[To do] Lines from the one holding "JUKI 40089610 Positioning Finger,LiXinsewing,JUKI" through the end of the entries, inclusive, form the whole output; reproduce them exactly and omit pictures.

□ □ □ □ □ □ □

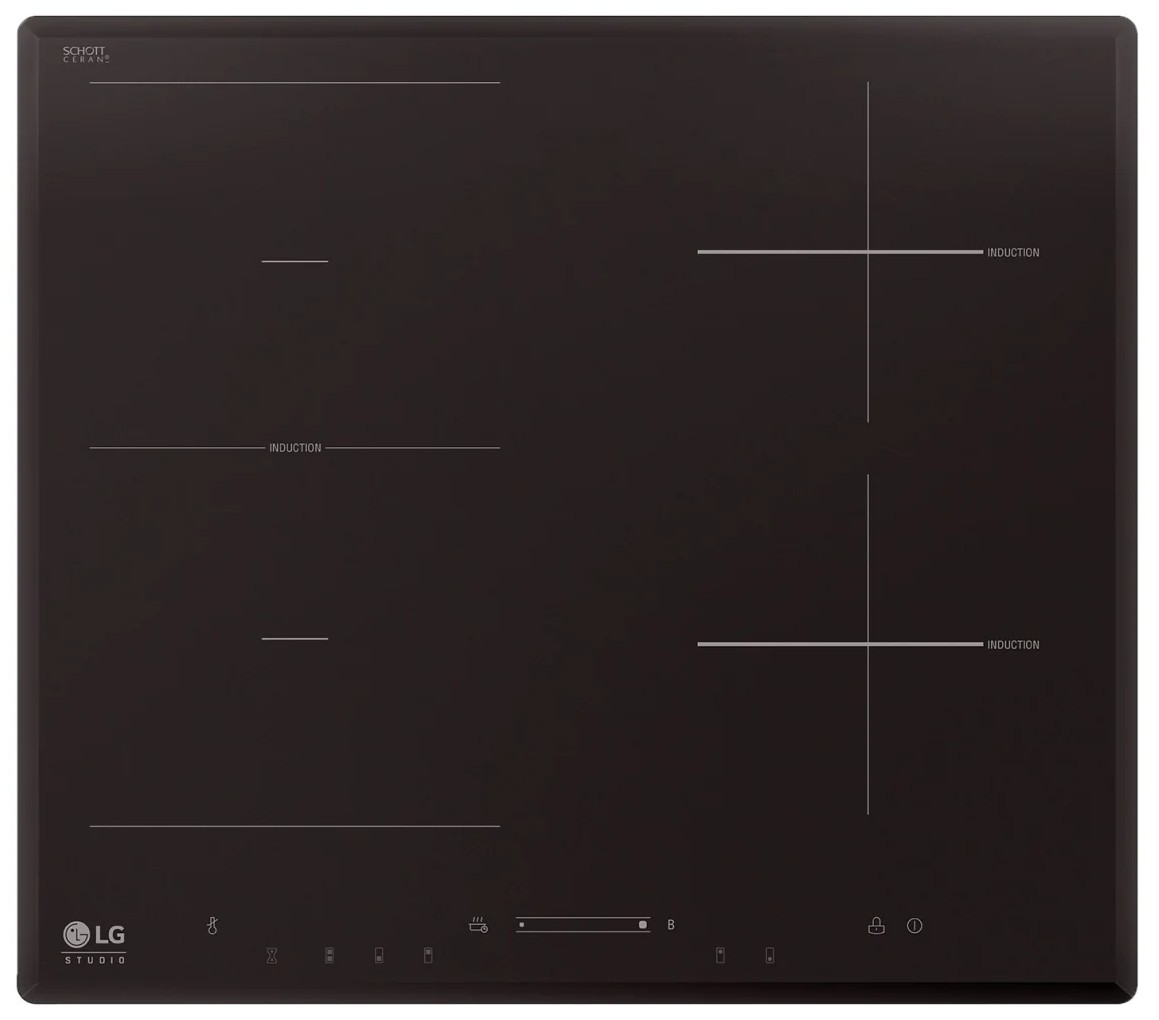 LG HU642VH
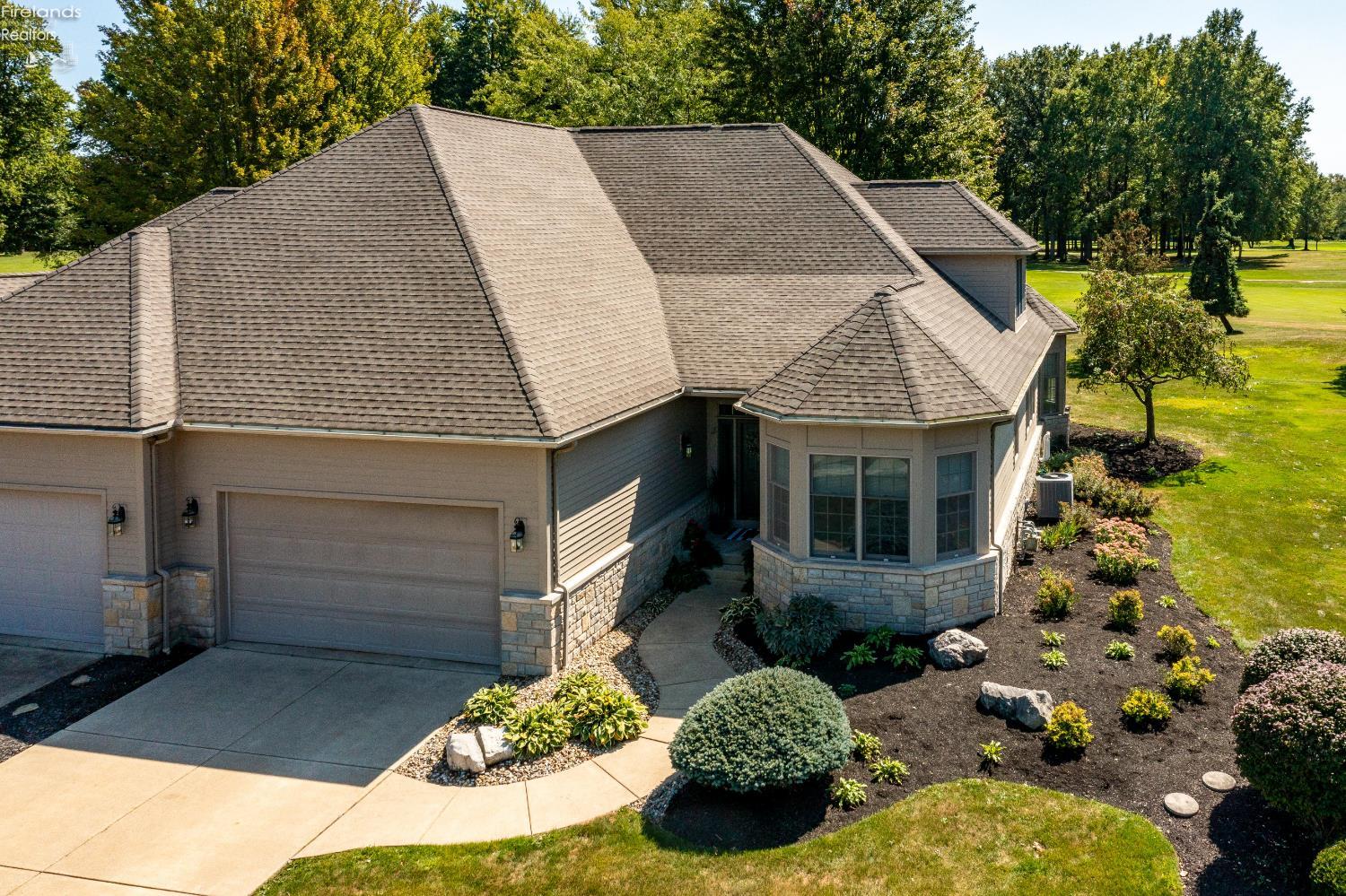 191 Briarcrest Drive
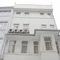 Divas Silver Hotel - map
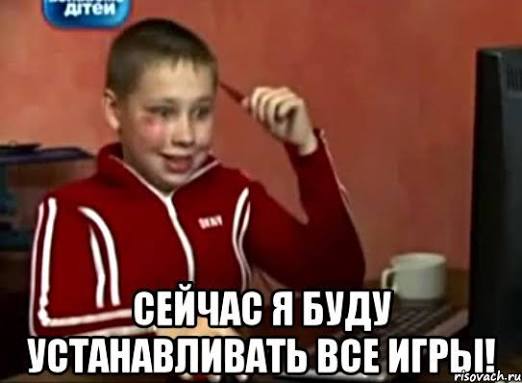Зображення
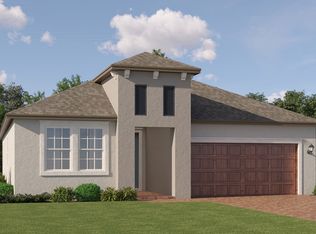 6993 Connection Way, New Port Richey, FL 34655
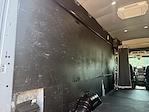 2021 Ford Transit 250 High Roof AWD Empty Cargo Van for sale #C0101 - photo 20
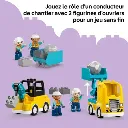 c950cc807e174b458f5cea8d2f261464686e4f16_41272045_04.webp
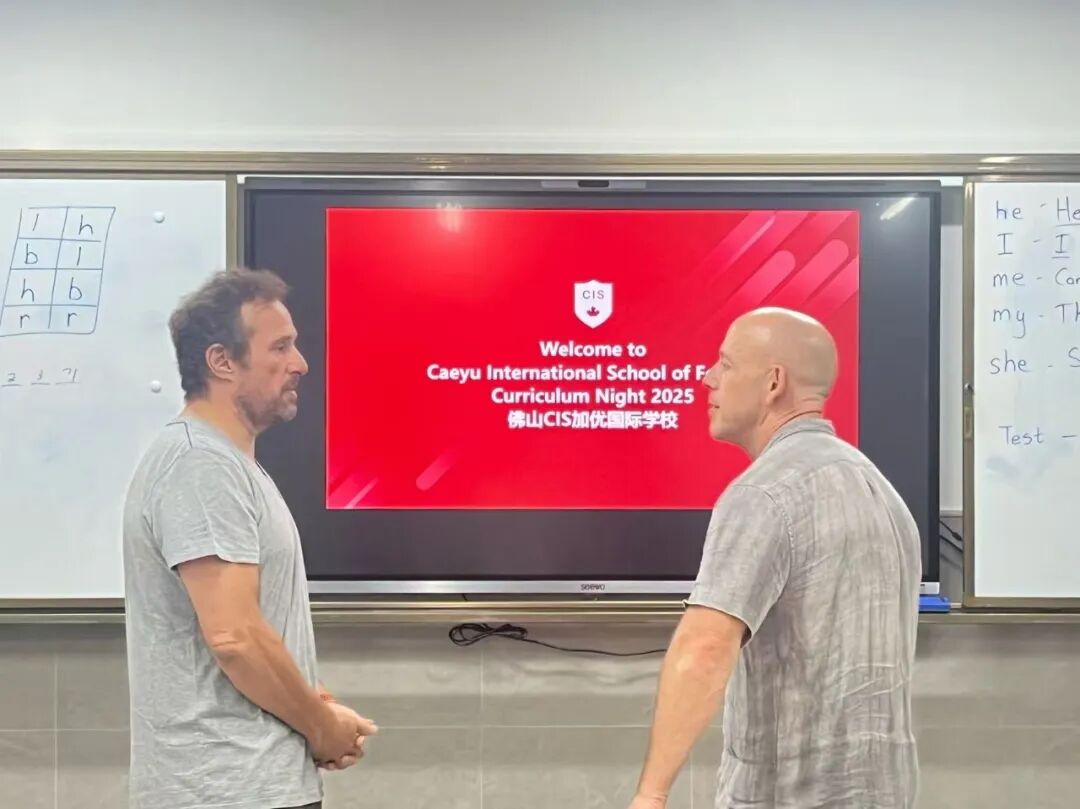 c82f3afbfb0260fba793f7db4555fb44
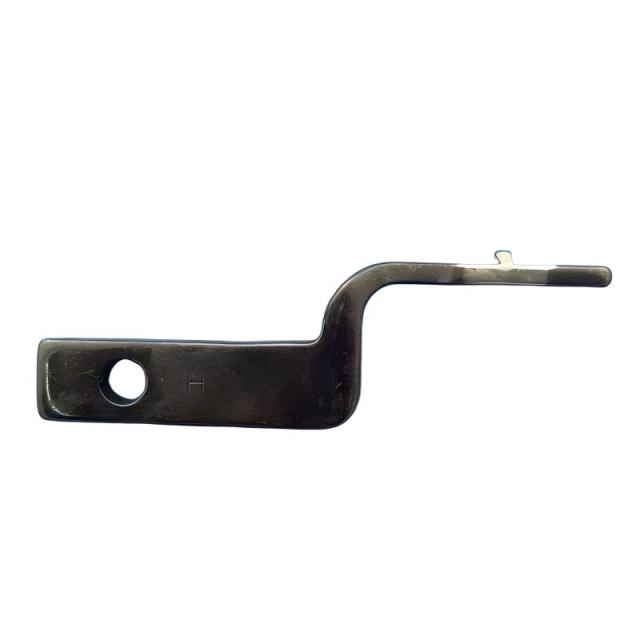 JUKI 40089610 Positioning Finger,LiXinsewing,JUKI 40089610 Positioning Finger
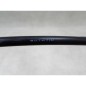 MAZDA CX-5 2.2 D SKYACTIV AWD AUTOMAT 12-17 LINKA ZMIANY BIEGOW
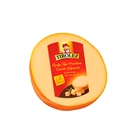 Queijo Provolone Pedaço Tirolez 360g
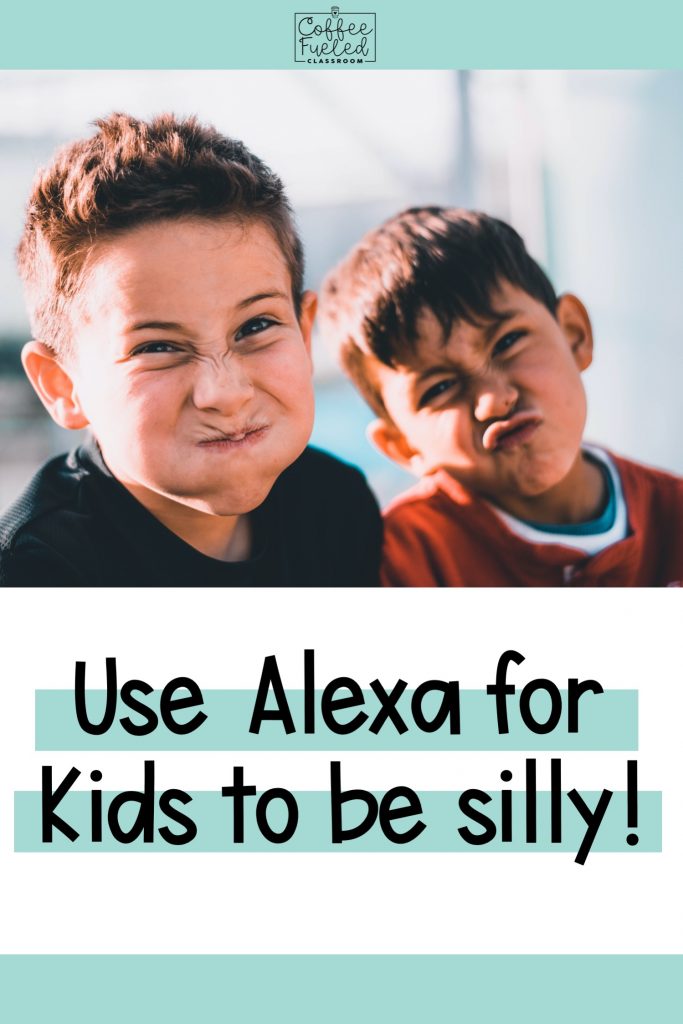 alexa-for-kids-being-silly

□ □ □ □ □ □ □

[Completed task]
 JUKI 40089610 Positioning Finger,LiXinsewing,JUKI 40089610 Positioning Finger
 MAZDA CX-5 2.2 D SKYACTIV AWD AUTOMAT 12-17 LINKA ZMIANY BIEGOW
 Queijo Provolone Pedaço Tirolez 360g
 alexa-for-kids-being-silly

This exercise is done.